To avoid the rush hour traffic I took the subway from Central Park West as far as Broadway and East Houston, which left me sweating again, then strolled along Houston, past Katz's Deli and storefront operations selling garbage masquerading as antiques, until I came to Norfolk Street. This was the heart of the Lower East Side, a place that had once been full of scholars and yeshivas, of anti-Hasidic Lithuanians and the rest of the first wave of Russian Jews, who were regarded by the already settled German Jews as backward Orientals. It was said that Allen Street used to belong to Russia, there were so many Russian Jews there. People from the same town formed associations, became tradespeople, saved so their kids could go to college and better themselves. They shared their neighborhoods uneasily with the Irish, and fought with them on the streets.
Now those times were largely gone. There was still a workers' co-op on Grand Street, a few Jewish bookstores and skullcap manufacturers between Hester and Division, one or two good bakeries, of course, and Katz's, the last of the old-style delis, now staffed almost entirely by Dominicans, but most of the Orthodox Jewish community had moved to Borough Park and Williamsburg, or to Crown Heights. The ones who were left were mainly too poor or too stubborn to retreat to the suburbs or Miami.
The Orensanz Center, the oldest surviving synagogue in New York, once known as the Anshe Chesed, the People of Kindness, seemed to belong to another, distant time. Built by the Berlin architect Alexander Saltzer in 1850 for the German Jewish congregation, and modeled on the cathedral of Cologne, it dominated Norfolk Street, a reminder of the past still extant in the present. I entered through a side door, walked along a dark entrance lobby, and found myself in the main, neo-Gothic hall among elegant pillars and balconies. Dim light filtered in through the windows, turning the interior to the color of old bronze and casting shadows over flowers and white ribbons, the remnants of a wedding held some days earlier.
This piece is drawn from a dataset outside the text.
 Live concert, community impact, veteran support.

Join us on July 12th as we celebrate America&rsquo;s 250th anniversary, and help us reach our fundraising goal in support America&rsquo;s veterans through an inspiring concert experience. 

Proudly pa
In one corner, a small man with white hair, dressed in blue overalls, was sweeping paper and broken glass into a corner. He stopped his work as I walked over to him. I produced my ID and asked if there was anybody who might be willing to talk about Yossi Epstein.
“Nobody here today,” he said. “Come back tomorrow.” He resumed his sweeping.
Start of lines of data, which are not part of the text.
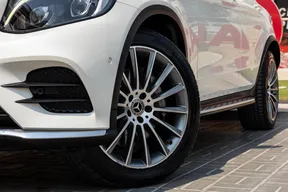 Mercedes-Benz GLC 250 2019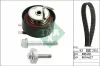 Zahnriemensatz Schaeffler INA 530 0693 10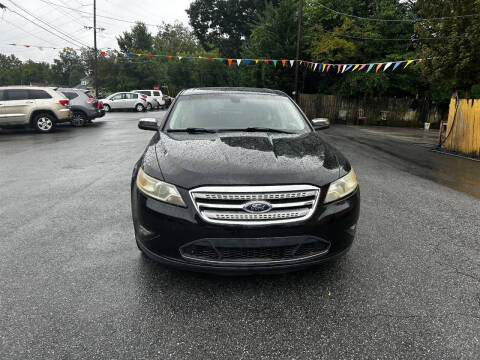 2012 Ford Taurus Limited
“Maybe there's somebody I can call?” I persisted.
“Call tomorrow.”
I wasn't getting very far on looks and good manners alone. “Mind if I take a look around?” I asked and, without waiting for a reply, began to walk toward a small flight of stairs leading down to the basement. I found a locked door with a card pinned to it expressing sorrow at the death of Epstein. A bulletin board to one side listed times of services and Hebrew classes, as well as a series of lectures on the history of the area. There wasn't much more to see, so after ten minutes of unsuccessful snooping around the rest of the basement, I brushed the dust from my jacket and walked back up the stairs.